Contra los molinos de viento, como Don Quijote, han luchado muchos. Siguen luchando.
Hay que leer Don Quijote de la Mancha, porque es un libro útil, porque sin obviedades ni didactismos sigue ofreciendo lecciones de vida.
Versiones, adaptaciones, resúmenes disímiles abundan… pero convendría acercarse a la obra primigenia. Beber de la fuente. Zambullirse en ella. Cervantes no buscaba meros testigos, sino acompañantes.
Primera página
En un lugar de la Mancha, de cuyo nombre no quiero acordarme, no ha mucho tiempo que vivía un hidalgo de los de lanza en astillero, adarga antigua, rocín flaco y galgo corredor. Una olla de algo más vaca que carnero, salpicón las más noches, duelos y quebrantos los sábados, lantejas los viernes, algún palomino de añadidura los domingos, consumían las tres cuartas partes de su hacienda. El resto della concluían sayo de velarte, calzas de velludo para las fiestas, con sus pantuflos de lo mesmo, y los días de entresemana se honraba con su vellorí de lo más fino. Tenía en su casa una ama que pasaba de los cuarenta, y una sobrina que no llegaba a los veinte, y un mozo de campo y plaza, que así ensillaba el rocín como tomaba la podadera. Frisaba la edad de nuestro hidalgo con los cincuenta años; era de complexión recia, seco de carnes, enjuto de rostro, gran madrugador y amigo de la caza. Quieren decir que tenía el sobrenombre de Quijada, o Quesada, que en esto hay alguna diferencia en los autores que deste caso escriben; aunque, por conjeturas verosímiles, se deja entender que se llamaba Quejana. Pero esto importa poco a nuestro cuento; basta que en la narración dél no se salga un punto de la verdad.

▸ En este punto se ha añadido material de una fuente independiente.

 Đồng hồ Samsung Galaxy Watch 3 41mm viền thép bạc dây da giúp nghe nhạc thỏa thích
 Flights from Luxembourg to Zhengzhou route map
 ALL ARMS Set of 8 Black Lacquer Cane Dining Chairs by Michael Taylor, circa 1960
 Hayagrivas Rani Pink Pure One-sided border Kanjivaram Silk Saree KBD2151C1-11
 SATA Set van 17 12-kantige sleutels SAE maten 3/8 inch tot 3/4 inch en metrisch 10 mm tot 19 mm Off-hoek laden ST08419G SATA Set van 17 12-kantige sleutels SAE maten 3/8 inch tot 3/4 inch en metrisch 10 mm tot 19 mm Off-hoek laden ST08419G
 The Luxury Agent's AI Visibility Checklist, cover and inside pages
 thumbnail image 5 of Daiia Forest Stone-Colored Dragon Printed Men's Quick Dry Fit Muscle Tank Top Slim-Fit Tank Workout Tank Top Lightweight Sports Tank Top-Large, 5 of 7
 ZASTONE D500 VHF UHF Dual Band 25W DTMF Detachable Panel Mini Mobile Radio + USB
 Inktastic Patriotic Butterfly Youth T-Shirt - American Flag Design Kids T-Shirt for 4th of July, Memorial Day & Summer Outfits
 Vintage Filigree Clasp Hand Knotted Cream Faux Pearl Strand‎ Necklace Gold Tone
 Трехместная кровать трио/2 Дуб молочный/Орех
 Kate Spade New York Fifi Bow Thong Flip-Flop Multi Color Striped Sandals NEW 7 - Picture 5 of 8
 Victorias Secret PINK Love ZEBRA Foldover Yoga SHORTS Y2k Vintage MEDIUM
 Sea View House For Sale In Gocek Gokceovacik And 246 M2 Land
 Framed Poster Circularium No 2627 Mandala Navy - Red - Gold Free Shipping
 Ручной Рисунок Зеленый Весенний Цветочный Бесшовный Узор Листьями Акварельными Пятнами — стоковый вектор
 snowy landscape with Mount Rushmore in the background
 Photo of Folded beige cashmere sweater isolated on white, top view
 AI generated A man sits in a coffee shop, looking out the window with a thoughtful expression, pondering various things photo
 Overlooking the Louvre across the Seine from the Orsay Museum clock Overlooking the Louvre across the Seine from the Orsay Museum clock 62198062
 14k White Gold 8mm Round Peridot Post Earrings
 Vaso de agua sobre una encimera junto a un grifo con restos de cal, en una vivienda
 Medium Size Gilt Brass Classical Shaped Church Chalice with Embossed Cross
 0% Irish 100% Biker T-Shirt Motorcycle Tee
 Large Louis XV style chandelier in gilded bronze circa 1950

Es, pues, de saber que este sobredicho hidalgo, los ratos que estaba ocioso, que eran los más del año, se daba a leer libros de caballerías, con tanta afición y gusto, que olvidó casi de todo punto el ejercicio de la caza, y aun la administración de su hacienda. Y llegó a tanto su curiosidad y desatino en esto, que vendió muchas hanegas de tierra de sembradura para comprar libros de caballerías en que leer, y así, llevó a su casa todos cuantos pudo haber dellos; y de todos, ningunos le parecían tan bien como los que compuso el famoso Feliciano de Silva, porque la claridad de su prosa y aquellas entricadas razones suyas le parecían de perlas, y más cuando llegaba a leer aquellos requiebros y cartas de desafíos, donde en muchas partes hallaba escrito: La razón de la sinrazón que a mi razón se hace, de tal manera mi razón enflaquece, que con razón me quejo de la vuestra fermosura. Y también cuando leía: ...los altos cielos que de vuestra divinidad divinamente con las estrellas os fortifican, y os hacen merecedora del merecimiento que merece la vuestra grandeza.